By understanding the business requirements for the use of macros, and applying the recommendations in this publication, organisations can effectively manage the risk of allowing macros in their environments.
5. Restrict Administrative Privileges
Users with administrative privileges for operating systems and applications are able to make significant changes to their configuration and operation, bypass critical security settings and access sensitive information. Domain administrators have similar abilities for an entire network domain, which usually includes all of the workstations and servers on the network.
Adversaries often use malicious code (also known as malware) to exploit security vulnerabilities in workstations and servers. Restricting administrative privileges makes it more difficult for an adversary’s malicious code to elevate its privileges, spread to other hosts, hide its existence, persist after a reboot, obtain sensitive information or resist removal efforts.
An environment where administrative privileges are restricted is more stable, predictable, and easier to administer and support, as fewer users can make significant changes to their operating environment, either intentionally or unintentionally.
6. Patch Operating Systems
By maintaining a clear and streamlined patch management process – including an awareness of information sources used to determine whether security vulnerabilities are currently being exploited, an awareness of the regular patch release schedules of vendors, defined responsibilities for individuals involved in patching activities, and regular vulnerability scanning for missing patches – organisations can position themselves to act swiftly upon security bulletin or patch releases.
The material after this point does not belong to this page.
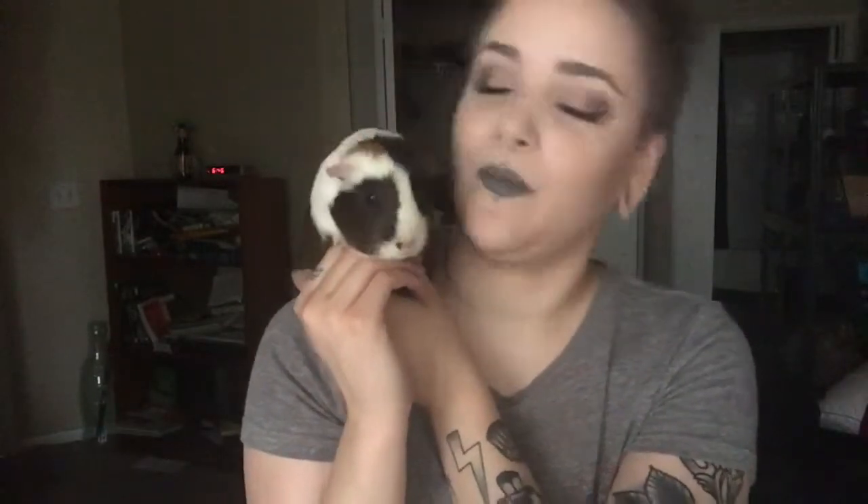I also have two guinea pigs — they were a Valentine's Day present from my boyfriend. This one here is Frenchie, and the other one is Milkshake, so we have Milkshake and Frenchie because they kind of go together like milkshake and french fry. They're both sweethearts. We adopted them from Petco — they actually ended up being our friend Hailey's guinea pigs that she put up for adoption. We love them very much.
In doing so, organisations can dramatically reduce the time between noticing information on new security vulnerabilities and applying patches or implementing temporary workarounds where appropriate.
7. Multi-Factor Authentication
Adversaries frequently attempt to steal legitimate user or administrative credentials when they compromise a network. These credentials allow them to easily propagate on a network and conduct malicious activities without additional exploits, thereby reducing the likelihood of detection. Adversaries will also try to gain credentials for remote access solutions, including Virtual Private Networks (VPNs), as these accesses can further mask their activities and reduce the likelihood of being detected.
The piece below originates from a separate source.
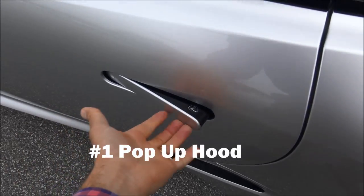Hey everybody, Brock Frady here helping you enjoy your ride. In this video we're going to talk about things that you didn't know about the Lexus LC500. It has a pop-up hood.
When multi-factor authentication is implemented correctly, it is significantly more difficult for an adversary to steal a complete set of credentials as the user has to prove they have physical access to a second factor that either they have (e.g. a physical token, smartcard, or software certificate) or are (e.g. a fingerprint or iris scan).
8. Daily Backup
A backup is a process by which important data, software, and configuration settings are stored for the purpose of recovering from an unplanned event such as server failure, accidental deletion of a file, or malicious activity.
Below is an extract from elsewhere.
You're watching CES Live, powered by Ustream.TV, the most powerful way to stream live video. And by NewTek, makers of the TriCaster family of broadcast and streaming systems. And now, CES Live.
Regular backups should be performed in a coordinated and resilient manner in accordance with ‘best practice’ business continuity requirements.
Backups should be protected in a manner in which they cannot be tampered with, as it is not uncommon for hackers to search an organisation’s network for backups.
In addition to backing up an organisation’s data, it is also important to test the restoration of systems, software, and important data from backups. Testing should be in a coordinated manner as part of business continuity or disaster recovery exercises.